Car des guitares bruyantes et distordues qui vous prennent à la gorge, il y en a sur By the Throat, jouées par un Jeremy Ylvisaker échappé lui aussi de Carbon Carousel, et mêlées aux beats et scratches d'un DJ Abilities relégué au second plan, tandis qu'Eyedea fait à lui tout seul le grand écart entre hip-hop et rock en alternant rap et chant. Seul problème : même avec sa concision exemplaire et toute punk (des titres tournant autour de 3 minutes, une durée totale d'une demi-heure), By the Throat ne fait pas mieux que les deux albums précédents des deux compères. Comme eux, il est franchement en demi-teinte, voire pire.
Ce n'est pas tellement les raps qui sont en cause.
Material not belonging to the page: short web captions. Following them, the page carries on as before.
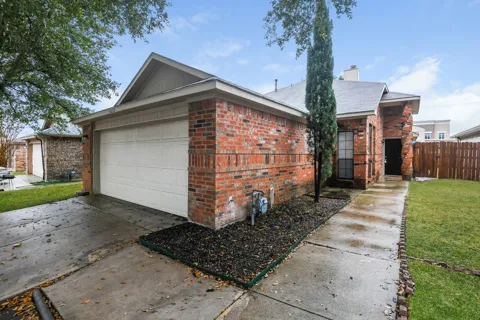 4213 Amy Drive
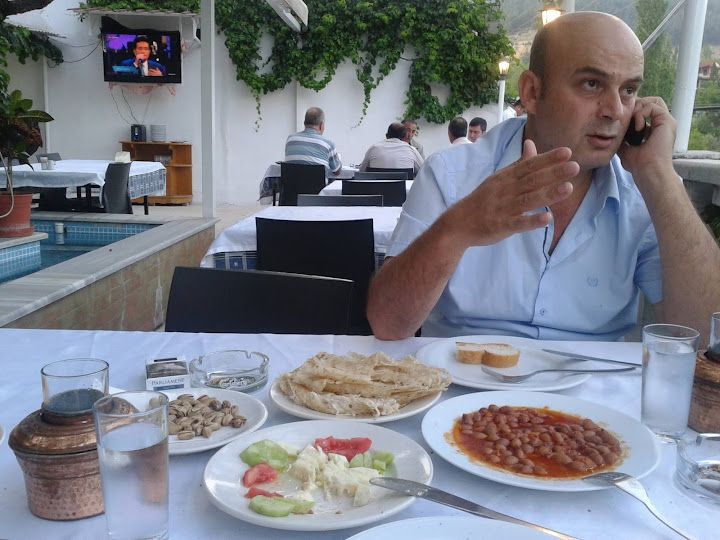 Fotoğraf 10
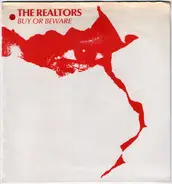 The Realtors - Buy Or Beware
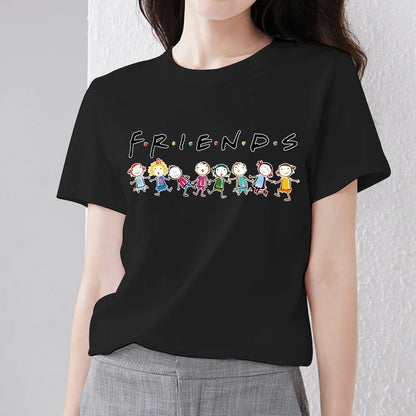 47130083131732|47130083164500|47130083197268|47130083230036|47130083262804|47130083295572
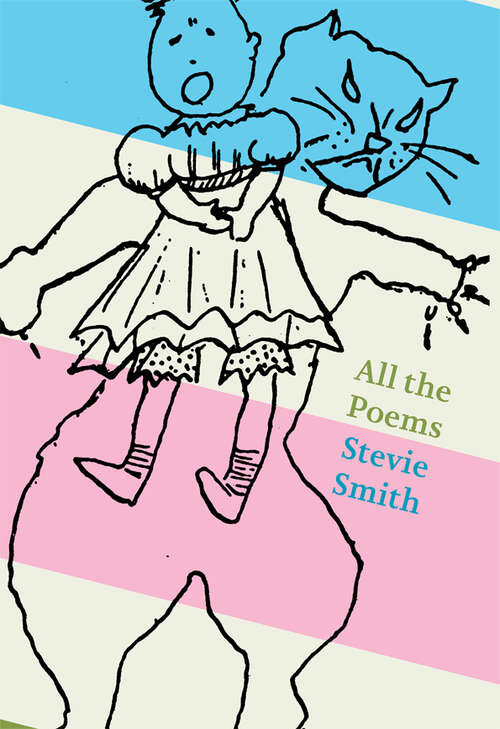 All The Poems: Stevie Smith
Certes, on peut toujours tourner en dérision le tour emo de paroles, se moquer des bons sentiments de titres comme "Hay Fever", où l'interprète pleure un cher disparu, "Time Flies When You Have a Gun" où il pointe les dangers du port d'arme, ou "By the Throat", où, fi de la jalousie, il souhaite bonne chance à son ex. On peut ne pas aimer ce rap introspectif où Eyedea se déclare l'esclave impuissant de son corps ("Forgive Me for my Synapses", "This Story"), ni ce nécessaire morceau contre les fake, rappeurs ou rockeurs, qui manque cruellement d'humour ("Factory"). Mais ce serait de l'aveuglement, qui ferait passer à côté de l'essentiel : à savoir qu'Eyedea, quel que soit le tour premier degré de ses textes, s'exprime constamment bien.
Ce qui gêne, c'est autre chose. Ce sont d'horribles refrains chantés, et, plus encore, la musique. On pourrait légitimement croire que des guitares abrasives et des percussions franches colleraient au mieux à la posture d'écorché vif d'Eyedea. Mais non, tout ce bruit est vain et sans effet, hormis sur quelques réussites comme ce "Sky Diver" tout en percussions et ce "Burn Fetish" sur les relations d'amour-haine entre l'artiste et son public. Ailleurs, le son est envahissant, et à force, contre-productif. Car l'accompagnement musical qui lui convenait le plus, Eyedea en a déjà bénéficé, il y a longtemps, sur les meilleurs moments de son solo The Many Faces of Oliver Hart. Il n'était donc pas nécessaire d'évoluer à ce point : si toute prise de risque est louable, elle ne paie malheureusement pas toujours.